The first script reading took place on November 13, 2013 at SBS Ilsan Production Center. With a budget of , filming of the series began on December 26, 2013, and the broadcasting ended on May 1.

==Ratings==

| Episode # | Original broadcast date | Average audience share |  |  |  |
| TNmS Ratings |  | AGB Nielsen |  |
| Nationwide | Seoul National Capital Area | Nationwide | Seoul National Capital Area |
| 1 | March 5, 2014 | 12.8% | 16.4% | 11.9% | 12.5% |
| 2 | March 6, 2014 | 12.3% | 15.0% | 11.1% | 12.0% |
| 3 | March 12, 2014 | 12.5% | 14.8% | 11.7% | 12.9% |
| 4 | March 13, 2014 | 14.5% | 17.4% | 12.7% | 14.2% |
| 5 | March 19, 2014 | 13.0% | 15.0% | 12.2% | 14.0% |
| 6 | March 20, 2014 | 12.8% | 15.7% | 12.9% | 14.1% |
| 7 | March 26, 2014 | 12.4% | 14.9% | 11.3% | 12.5% |
| 8 | March 27, 2014 | 12.1% | 14.2% | 11.0% | 11.2% |
| 9 | April 2, 2014 | 11.3% | 13.9% | 10.4% | 11.1% |
| 10 | April 3, 2014 | 12.2% | 14.3% | 11.9% | 12.6% |
| 11 | April 9, 2014 | 12.0% | 14.5% | 11.3% | 12.6% |
| 12 | April 10, 2014 | 12.2% | 14.8% | 12.0% | 12.4% |
| 13 | April 23, 2014 | 10.5% | 11.8% | 11.1% | 12.4% |
| 14 | April 24, 2014 | 11.5% | 13.1% | 11.9% | 12.9% |
| 15 | April 30, 2014 | 10.9% | 12.6% | 12.3% | 13.9% |
| 16 | May 1, 2014 | 13.2% | 15.4% | 13.8% | 15.9% |
| Average |  | 12.3% | 14.6% | 11.8% | 13.0% |

== Awards and nominations ==

| Year | Award | Category | Recipient | Result |
| 2014 | 3rd APAN Star Awards | Excellence Award, Actor in a Miniseries | Park Yoo-chun | Nominated |
| SBS Drama Awards | Top Excellence Award, Actor in a Miniseries | Park Yoo-chun | Won |
| Top Excellence Award, Actress in a Miniseries | Park Ha-sun | Nominated |
| Excellence Award, Actor in a Miniseries | Son Hyun-joo | Nominated |
| Excellence Award, Actress in a Miniseries | So Yi-hyun | Won |
| Special Award, Actor in a Miniseries | Jang Hyun-sung | Nominated |
| Top 10 Stars | Park Yoo-chun | Won |
| Netizen Popularity Award | Park Yoo-chun | Nominated |
| Best Couple Award | Park Yoo-chun and Park Ha-sun | Nominated |

== International broadcast ==
It aired in Malaysia on ONE TV ASIA via Astro Channel 393 with English, Chinese and Malay subtitles and later on Astro Shuang Xing via Channel 324 and Channel 307 (HD) starting April 12, 2015 at 7.00 PM.

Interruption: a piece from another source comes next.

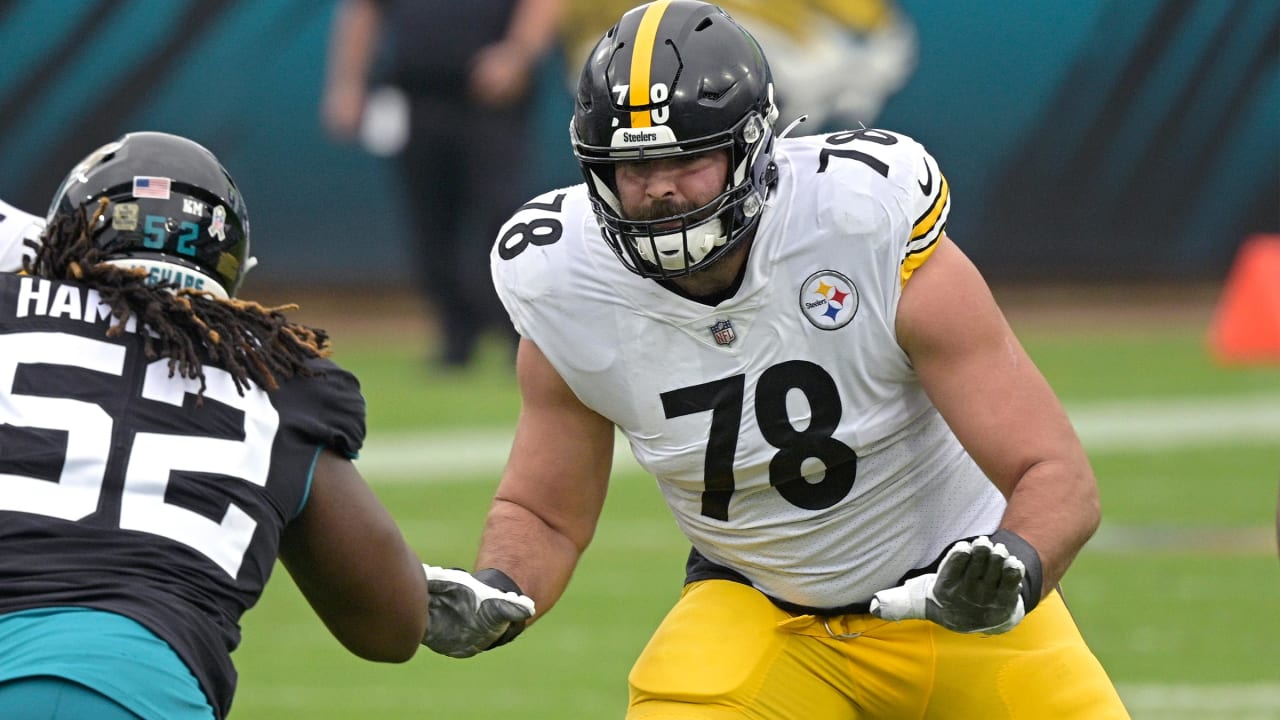 Alejandro Villanueva's Steelers gear becomes NFL's top seller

It aired in Indonesia and Singapore on ONE TV ASIA.

In China, the rights to stream the drama online were sold for per episode.

It aired in Japan on cable channel KNTV on Saturdays at 8:00 p.m. beginning August 9, 2014.

It aired in Thailand on PPTV HD on Mondays & Tuesdays at 9:30 p.m. from June 22 to August 18, 2015.